|It is impossible for you to lose a friend if you do not rush with open arms and phone lines to join her budding empire. The reason is that if this person is no longer friendly with you after you decline her offer, she was not really your friend in the first place, and you can't lose what you didn't have.|
Your friend keeps advising you to listen to the facts, but if she really believes that, she is missing an important one herself: research has found that some of the most powerful and effective decision-makers actually rely heavily on "gut feel."
"Gut feel" is the result of your mind putting the present decision through a filter made up of all of your experiences over the years. The result is that you get a visceral reaction to the decision: either you can stomach it or you cannot.
This means that your experience is telling you to pass on this one, even if your friend's multi-level company has the perfect antacid to quell your nervous stomach.
At the same time, it sounds like you have been expressing some uncertainty to your friend as to whether you will or will not join. As long as she senses that the door is even slightly open, she will keep trying to squeeze through.

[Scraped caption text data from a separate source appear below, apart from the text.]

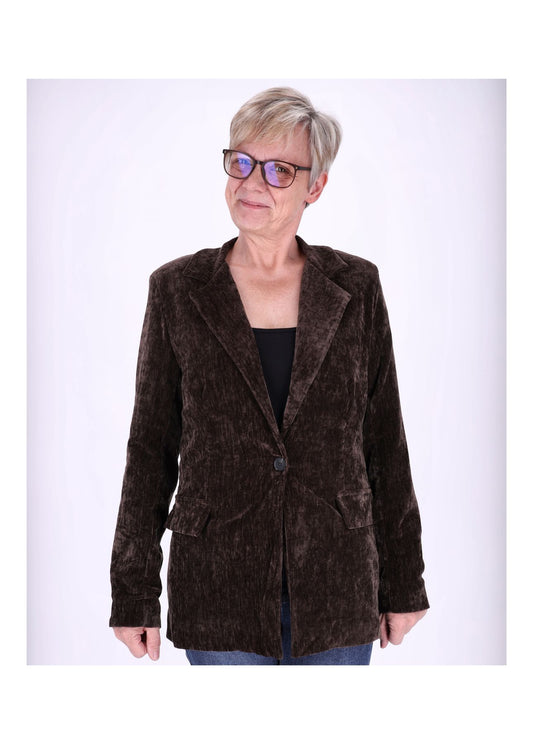 Blazer Samtqualität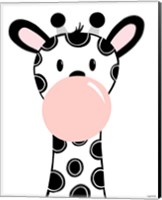 Framed 'Black Giraffe' border=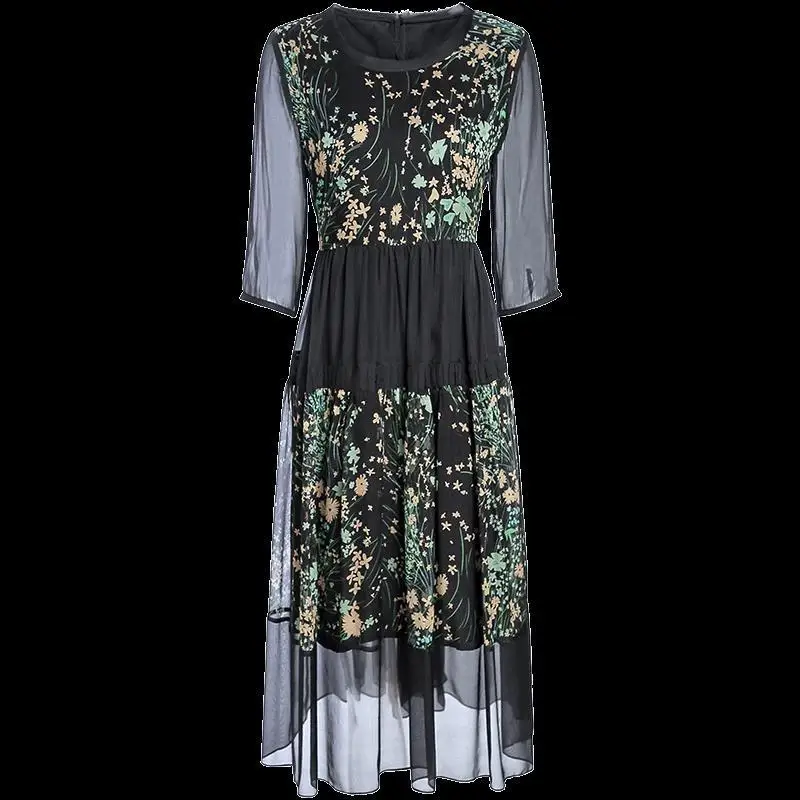 2021 New Summer Women Fashion Patchwork Dresses Lady Imitation Silk Floral Print Dress Loose Chiffon Short Sleeve Vestidos B44
2021 New Summer Women Fashion Patchwork Dresses Lady Imitation Silk Floral Print Dress Loose Chiffon Short Sleeve Vestidos B44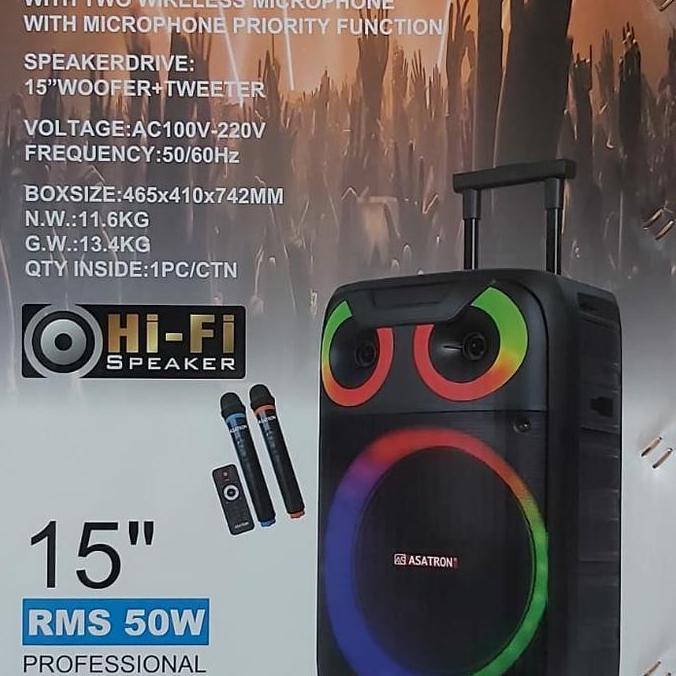 Speaker Portable Asatron 15 inch asatron Grammy speaker 15 inch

The time has come to tell her that you have made a final decision -- no wavering, no equivocating, and no procrastinating. You can thank her for letting you look over the opportunity, and you can honestly tell her that you hope it is successful for her...but it is not an opportunity that you wish to pursue, and you hope that she will understand. You can also tell her you hope that your friendship will continue intact.
It is said that you cannot put a price on friendship, and you are about to see if that is true.